Wenn im Sommer das Transferfenster öffnet, stehen für Sportdirektoren und Spieler wichtige Entscheidungen an. Entweder man verabschiedet sich permanent voneinander — oder auf Zeit. So auch vor Beginn der laufenden Saison. Im Januar 2018 haben wir schon einmal einen Blick auf die damals ausgeliehenen Spieler — Jean Zimmer, Julian Green, Tobi Werner, Jérôme Onguéné, Jan Kliment und Hans Nunoo Sarpei — geworfen. Dieses Jahr haben wir uns mit Fans und Experten der derzeitigen Vereine von Ebenezer Ofori, Ailton, Anto Grgic, Orel Mangala, Marcin Kaminski und Roberto Massimo unterhalten, um herauszufinden wie sich die VfB-Leihgaben machen. Übrigens: Von den in der letzten Saison ausgeliehenen Spielern haben drei den Verein mittlerweile verlassen. Die anderen drei stehen noch beim VfB unter Vertrag, spielen aber nur eine Nebenrolle. Damals habe ich nur Jean Zimmer zugetraut, sich beim VfB noch einmal durchzusetzen, am Ende war es Hans Sarpei, der in dieser Hinrunde als einziger des Sextetts für den VfB auflief — wenn auch nur gelegentlich.

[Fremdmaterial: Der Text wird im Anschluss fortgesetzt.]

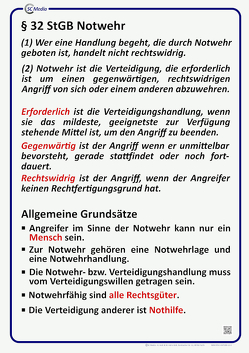 Lehrtafel § 32 StGB Notwehr von Hohl,  Helmut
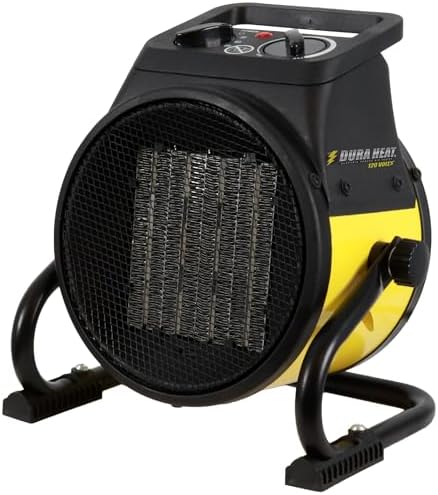 Dura Heat EUH1465 Electric Forced Air Heater with Pivoting Base 5,120 BTU, Yellow Dura Heat EUH1465 Electric Forced Air Heater with Pivoting Base 5,120 BTU, Yellow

Schauen wir mal, wie das bei den Spielern aussieht, die in dieser Saison verliehen sind.
New York, New York!
Beginnen wollen wir mit Ebenezer Ofori, der bereits im vergangenen Winter für ein Jahr an den New York City FC verliehen wurde. Ein Jahr, weil die Saison der Major League Soccer im Kalenderjahr ausgetragen wird und nicht über zwei Halbjahre wie in Europa. NYCFC wurde von der City Football Group, also dem Mehrheitseigner von Manchester City und dem Baseball Club New York Yankees gegründet und erreichte in der Saison 2018 die Playoffs, in denen sie allerdings in den Conference Semifinals, also letztendlich dem Meisterschaftsviertelfinale, am späteren Meister Atlanta United scheiterten. Über Oforis Leistungen in New York City sprachen wir mit NYCFC-Fan Anthony Merced (@NYCSportsWorld) vom Podcast Dudes in Blue.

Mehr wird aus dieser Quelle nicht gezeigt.